U.S. press reports citing unnamed officials have indicated that President Donald Trump has signaled his intention to announce tariffs on pharmaceutical products “over the next two weeks.” 

Although the so-called "Liberation Day" package did not initially include pharmaceuticals, the timing of new tariffs aligns with earlier expectations that action could begin in mid-May, following the Section 232 investigation into the national security implications of drug supply chains.

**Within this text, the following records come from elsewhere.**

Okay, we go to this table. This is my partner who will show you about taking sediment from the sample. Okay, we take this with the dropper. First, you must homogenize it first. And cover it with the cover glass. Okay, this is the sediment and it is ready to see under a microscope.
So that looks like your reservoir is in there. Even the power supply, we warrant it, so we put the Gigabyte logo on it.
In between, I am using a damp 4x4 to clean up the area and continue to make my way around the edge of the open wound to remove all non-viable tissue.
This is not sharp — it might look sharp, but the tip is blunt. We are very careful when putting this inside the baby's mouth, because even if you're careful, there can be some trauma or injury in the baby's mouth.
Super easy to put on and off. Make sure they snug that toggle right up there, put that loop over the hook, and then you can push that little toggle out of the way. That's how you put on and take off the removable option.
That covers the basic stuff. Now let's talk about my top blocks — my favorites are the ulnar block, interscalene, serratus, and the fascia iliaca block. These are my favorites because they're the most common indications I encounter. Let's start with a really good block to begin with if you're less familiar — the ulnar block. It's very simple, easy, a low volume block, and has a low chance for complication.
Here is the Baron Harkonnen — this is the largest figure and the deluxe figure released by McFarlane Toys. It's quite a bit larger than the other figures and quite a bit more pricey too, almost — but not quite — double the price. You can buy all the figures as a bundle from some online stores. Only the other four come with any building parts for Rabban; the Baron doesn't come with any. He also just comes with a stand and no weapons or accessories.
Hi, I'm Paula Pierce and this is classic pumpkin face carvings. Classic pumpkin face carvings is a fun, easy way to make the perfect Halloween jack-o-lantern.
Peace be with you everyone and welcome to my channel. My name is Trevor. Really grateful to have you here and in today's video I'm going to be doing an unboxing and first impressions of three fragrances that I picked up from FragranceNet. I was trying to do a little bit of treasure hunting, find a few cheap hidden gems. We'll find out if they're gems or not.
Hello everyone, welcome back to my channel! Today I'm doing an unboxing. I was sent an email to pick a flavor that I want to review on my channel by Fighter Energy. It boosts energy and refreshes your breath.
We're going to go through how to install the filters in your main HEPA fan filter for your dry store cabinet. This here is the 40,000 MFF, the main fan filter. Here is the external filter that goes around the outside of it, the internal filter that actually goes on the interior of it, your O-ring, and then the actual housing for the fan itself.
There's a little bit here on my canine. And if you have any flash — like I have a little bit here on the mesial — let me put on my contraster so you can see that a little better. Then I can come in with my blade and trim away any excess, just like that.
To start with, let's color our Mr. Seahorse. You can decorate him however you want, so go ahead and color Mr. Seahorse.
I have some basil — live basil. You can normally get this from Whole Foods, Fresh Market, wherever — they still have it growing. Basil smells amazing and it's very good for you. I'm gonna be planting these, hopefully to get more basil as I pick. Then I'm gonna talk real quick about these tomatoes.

European pharmaceutical firms have a significant footprint in the U.S., generating between 40% and 60% of their total revenue in the American market. 

Many operate manufacturing and research sites on U.S. soil, although not all drugs sold domestically are produced there. 

According to Bernstein, Ireland and Switzerland, both low-tax jurisdictions, account for about one-third of total U.S. pharmaceutical imports from Europe, raising the possibility that tariffs could target drugs manufactured in those countries.

Bernstein analysts estimate that if a 20% tariff were applied to the cost of goods sold for U.S. sales, the impact on earnings would range from low- to high-single digits for major European drugmakers, assuming a 50% natural hedge. 

This model is based on Sanofi (NASDAQ:SNY), which currently manufactures half of its U.S. sales domestically. The new estimate marks a reduction from earlier forecasts, which had assumed tariffs might be levied on total U.S. sales rather than production costs.

Among the companies covered, Novo Nordisk (NYSE:NVO) and Novartis (SIX:NOVN) are considered the least exposed to tariff risks, despite Novo’s narrow therapeutic portfolio. 

GlaxoSmithKline (NYSE:GSK) and Belgium-based UCB are the most exposed, with UCB particularly vulnerable due to its lack of U.S. manufacturing operations.

Company officials across the sector suggest that passing increased costs on to American consumers would be difficult, limiting the ability to offset potential losses through price hikes. 

While the short-term financial impact appears contained, longer-term strategic shifts are already underway.

Several firms have announced new U.S. investments in anticipation of changing trade dynamics. 

AstraZeneca (NASDAQ:AZN) disclosed $3.5 billion in new U.S. spending during its third-quarter results last November. 

Novartis, whose CEO said in April that all key products sold in the U.S. would eventually be produced locally, has committed $23 billion to American operations over the next five years. 

Roche plans to invest $50 billion over the same period in research and manufacturing, including a new U.S.-based production facility.

Sanofi’s chief financial officer has also signaled that additional U.S. investments may be announced soon, as part of a broader strategic plan.

While the full scope of the proposed tariffs remains unclear, Bernstein analysts note that the threat alone may be enough to prompt European firms to accelerate plans to expand their American operations. 

Over time, the build-out of new U.S. plants, which typically takes three to five years, could also lead to higher domestic drug prices, potentially affecting American pharmaceutical companies that rely heavily on offshore production.